O custo unitário do trabalho (que mede a relação entre a produtividade e os gastos com a folha individual de pagamento), encolheu em dois setores no primeiro trimestre: queda de 2,3% em alimentos e bebidas de de 3% em fumo. No conjunto, o custo do trabalho na indústria de transformação subiu 15%, elevação superior à registrada no quarto trimestre (12,7%). Em seis entre os 17 setores, contudo, o custo do trabalho subiu menos do que a alta registrada no quarto trimestre do ano passado. O aumento menor indica que as demissões e os acordos de redução de jornada e salários feitos desde novembro ajudaram a indústria a conter esse custo. Houve desaceleração nos setores têxtil, de vestuário, coque, refino de petróleo, combustíveis nucleares e álcool, produtos químicos, minerais não metálicos e meios de transporte.

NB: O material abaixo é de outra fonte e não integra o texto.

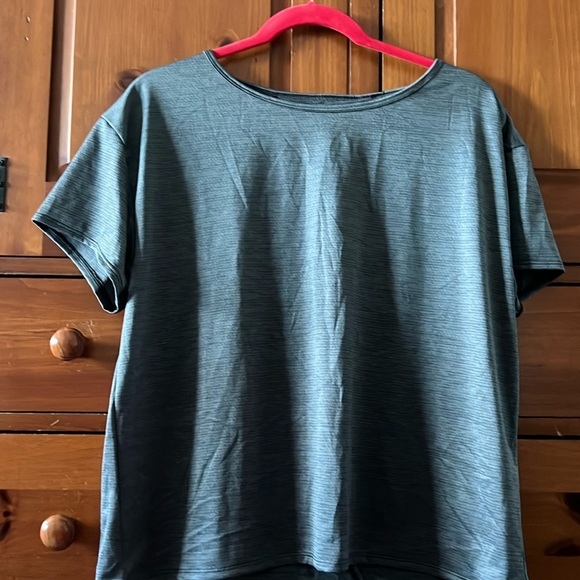 Woman’s Under Armour Top Size Large NWT - Picture 1 of 4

"O grupo de bens de consumo tem sido favorecido pela desaceleração lenta da renda e pela inflação cadente e deve se recuperar mais rapidamente que os outros grupos da indústria", avalia a economista-chefe da Rosenberg & Associados, Thaís Marzola Zara. Ela observa que os bens de consumo não duráveis, que não dependem de crédito, começaram a registrar desempenho mais favorável que a média a partir de março. Outros segmentos de bens de consumo, como aparelhos eletroeletrônicos e equipamentos de linha branca, apresentaram queda na produtividade e no uso da capacidade instalada, mas podem apresentar recuperação ao longo deste trimestre, favorecidos por uma pequena melhora na oferta de crédito e pela desoneração de impostos.

O professor do Instituto de Economia da Unicamp, Fernando Sarti, considera que a melhora no desempenho dos setores de alimentos, vestuário, têxtil, químico e de material de construção tem um "efeito retroalimentador" da economia. "Embora sejam setores que em condições normais já apresentam menor produtividade e menor uso da capacidade instalada do que o setor metalúrgico, por exemplo, eles são grandes geradores de emprego. Se fossem fortemente afetados teriam um efeito mais perverso para a economia como um todo", pondera. Ele também acredita que os segmentos de duráveis (eletrodomésticos, eletroeletrônicos e automotivo), já favorecidos pela redução de tributos, estão mais próximos de uma recuperação efetiva da produção.

Bráulio Borges, da LCA, observa que o grupo material de construção já apresentou melhora no uso da capacidade instalada, crescendo 7 pontos percentuais em abril sobre março, para 84,6%, já sob efeito da redução do IPI. O setor de material de transporte (que inclui veículos) também teve aumento da capacidade utilizada, de 1,3 ponto percentual em abril (ficando 0,6 ponto abaixo da média histórica). "Os segmentos menos sensíveis à confiança dos empresários, ao crédito e às exportações estão com ociosidade mais próxima da média histórica e têm menos necessidade de fazer novos ajustes no quadro de pessoal", avalia Borges.

O sócio da RC Consultores, Fábio Silveira, observa que a massa real de rendimentos se mantém estável porque a queda na geração de postos de trabalho formais na indústria no primeiro trimestre foi em parte anulada pela expansão em construção e serviços. Segundo o Cadastro Geral de Empregados e Desempregados (Caged), no primeiro trimestre, o saldo de novas vagas ficou negativo em 147,4 mil postos na indústria, com geração positiva na construção (30,3 mil) e em serviços (133,1 mil).